In many ways, companies in Zimbabwe can complement the government in meeting the needs of the people. Many companies invest in sports and charity work. There is a danger in thinking that the traditional ways of being involved in the community such as employees donating money to this or that orphanage are enough. That cannot be right. It is important to look at other ways of improving corporate behaviour and attitudes.


Should banks be funding organisations that violate human rights? To what extent should companies donate funds to organisations that encourage the violation of rights and compromise environmental protection? When companies advertise and offer congratulations or condolences in the public media, what sort of individuals or organisations are they associating themselves with? What do shareholders think about this association and implied endorsement of bad behaviour? More importantly, what are ethical investors in those companies doing to demonstrate their disapproval of such corporate actions? These are some of the questions that arise and both companies and investors have to face.


In a way the issue of ethics is at the centre of the dispute over the Homelink service meant to encourage people in the diaspora to send money to Zimbabwe. Some people have raised concern that sending money through that channel only serves the interests of the ruling party and not the people. In a way one might see that as a section that is trying to use the ethical argument in respect of their investment. They may be raising a question as to whether it is ethical to invest in a regime that is not serving their interests.


On the other hand another group would say they owe the government something having benefited from the education and health systems of the past. Either way, one can see that ethical investment issues are not alien to our country and will take an increasing prominence in the near future.

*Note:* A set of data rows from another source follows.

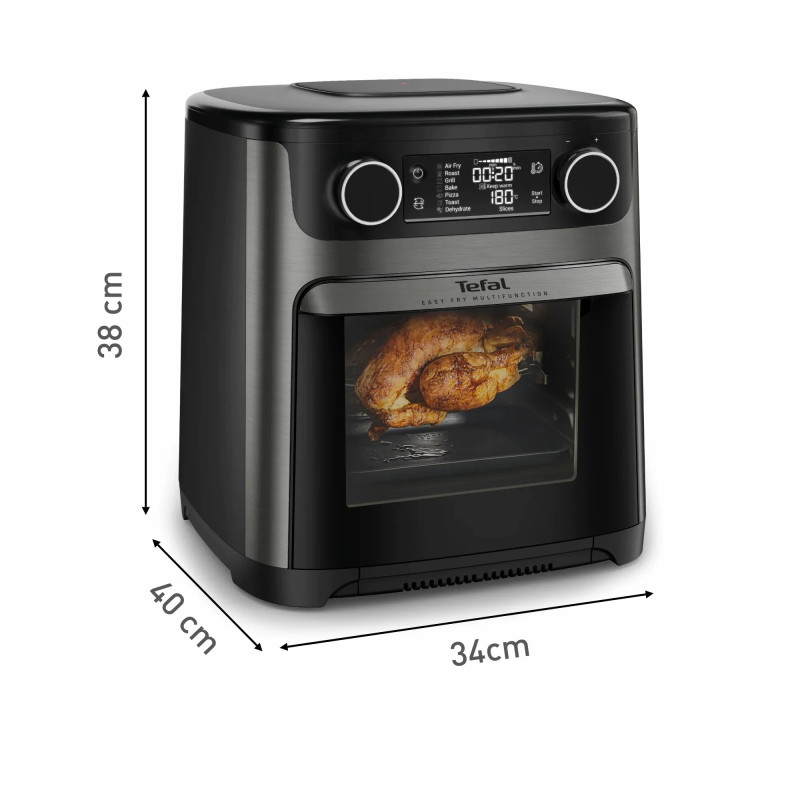 Tefal Мультипіч Easy Fry Multifunctional, 1800Вт, механічне керув., 9 програм, пластик, чорний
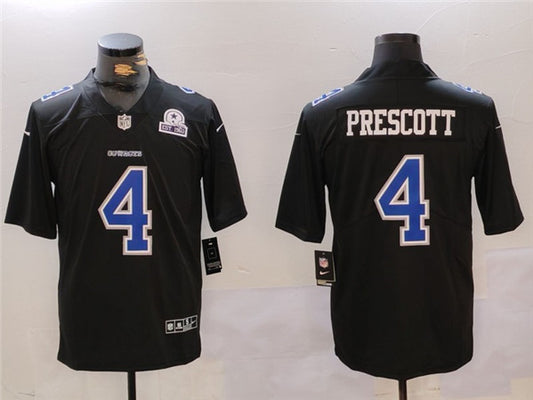 Dallas Cowboys #4 Dak Prescott Black Throwback With 1960 Patch Jersey
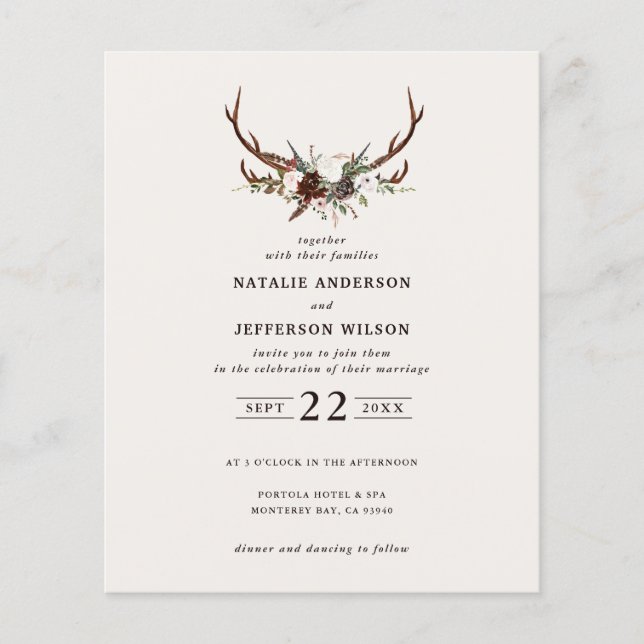 budget Rustic floral stag antlers wedding invite (Front)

The clever companies will take heed and appoint someone responsible for ethical questions facing the company in order to build ethical investment into the policies and strategic plans of the company. All this is part of the corporate social responsibility that increasingly powerful companies are encouraged to observe. Companies can engage specialists to do social audits to assess their participation as corporate citizens and the strengths and weaknesses of their ethical policies. As we have seen ethical investment and policies are not necessarily inconsistent with profit-generation. After all, it is good corporate governance to promote good business ethics.